You enter an infinite loop because you are attempting to parse every city from the same place you parsed country -- the beginning of buf. To use sscanf to incrementally parse whitespace separated string from buf, you need to additionally use the "%n" conversion specifier to obtain the number of characters (nchar below) consumed by sscanf on each read. You can then add that to an offset (off below) to successively parse each city from buf following parsing the country.

The approach is straight-forward, use sscanf with the "%s%n" format string to parse the whitespace delimited string into an array saving the number of characters read/consumed by sscanf in an integer variable. For example:

    while (fgets (buf, MAXC, fp)) {             /* read each line */
        int nchar = 0;
        char cc[MAXC] = ""; /* buffer for country/city */
        if (sscanf (buf, "%s%n", cc, &nchar)) { /* parse country, get used */
            int off = nchar;                    /* add used char to offset */
            printf ("%s\n", cc);
            /* read each city getting used chars to add to offset */
            while (sscanf (buf + off, "%s%n", cc, &nchar) == 1) {
                printf ("  %s\n", cc);
                off += nchar;
            }
        }
    }

Above buf + off provides the location in buf to begin parsing each city.
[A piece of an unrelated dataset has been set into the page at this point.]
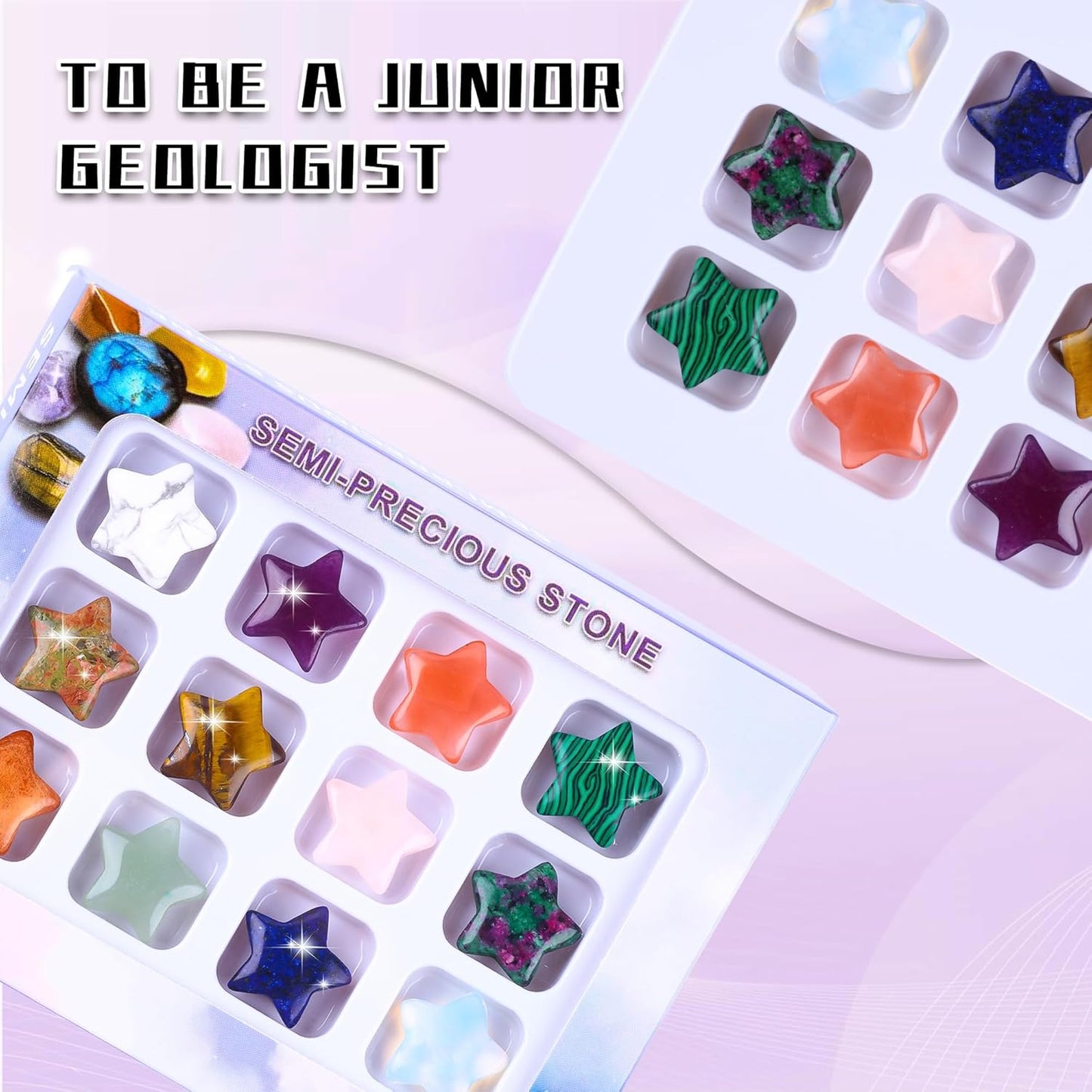 12PCS Natural Star Shaped Gemstones Set 0.8inch Worry Stones Mini Star Crystal Polished Star Pocket Gems Star Shaped for DIY Meditaion Reiki Balancing Decor Rock Kids Beginners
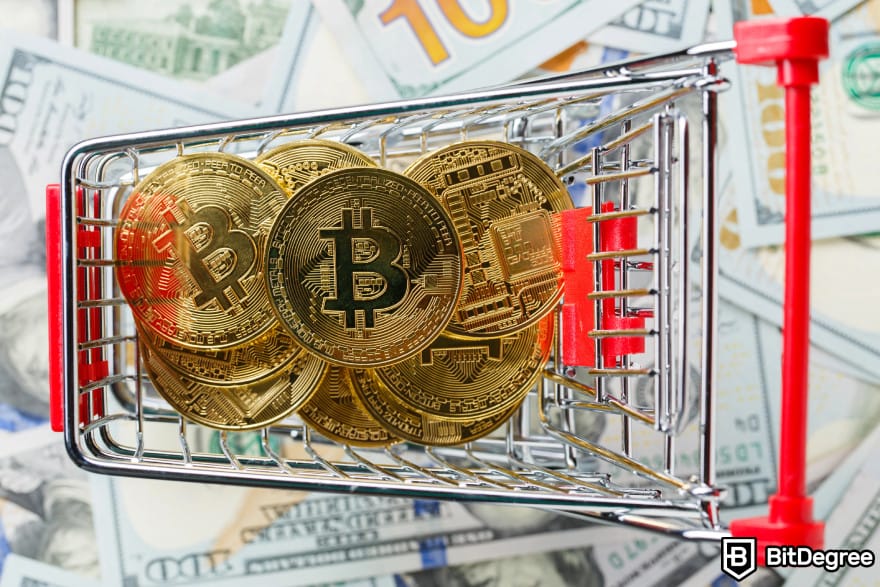 How to withdraw money from Trust Wallet: several Bitcoins on a trolley.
Also note the use of "%n" does NOT increase the conversion count (e.g. the sscanf return).

Complete example:

#include <stdio.h>

#define MAXC 2048   /* good use of constanst, but avoid common MAX */

int main (int argc, char **argv) {

    char buf[MAXC] = "";
    /* use filename provided as 1st argument (stdin by default) */
    FILE *fp = argc > 1 ? fopen (argv[1], "r") : stdin;

    if (!fp) {  /* validate file open for reading */
        perror ("file open failed");
        return 1;
    }

    while (fgets (buf, MAXC, fp)) {             /* read each line */
        int nchar = 0;
        char cc[MAXC] = ""; /* buffer for country/city */
        if (sscanf (buf, "%s%n", cc, &nchar)) { /* parse country, get used */
            int off = nchar;                    /* add used char to offset */
            printf ("%s\n", cc);
            /* read each city getting used chars to add to offset */
            while (sscanf (buf + off, "%s%n", cc, &nchar) == 1) {
                printf ("  %s\n", cc);
                off += nchar;
            }
        }
    }

    if (fp != stdin) fclose (fp);   /* close file if not stdin */

    return 0;
}

Example Use/Output

$ ./bin/rdcountrycity <dat/countrycity.txt
Australia
  Sydney
  Perth
  Brisbane
USA
  California
  Los-Angeles
  Silicon-Valley
  Dallas
Canada
  Toronto

While using sscanf to parse the country and cities from each line of text is fine, there is a tool better suited for the job, e.g. strtok which is used to tokenize a sting into tokens based on the delimiters you provide. You can provide delimiters of " \t\n" (space, tab, newline) to simply parse each whitespace delimited word from each line.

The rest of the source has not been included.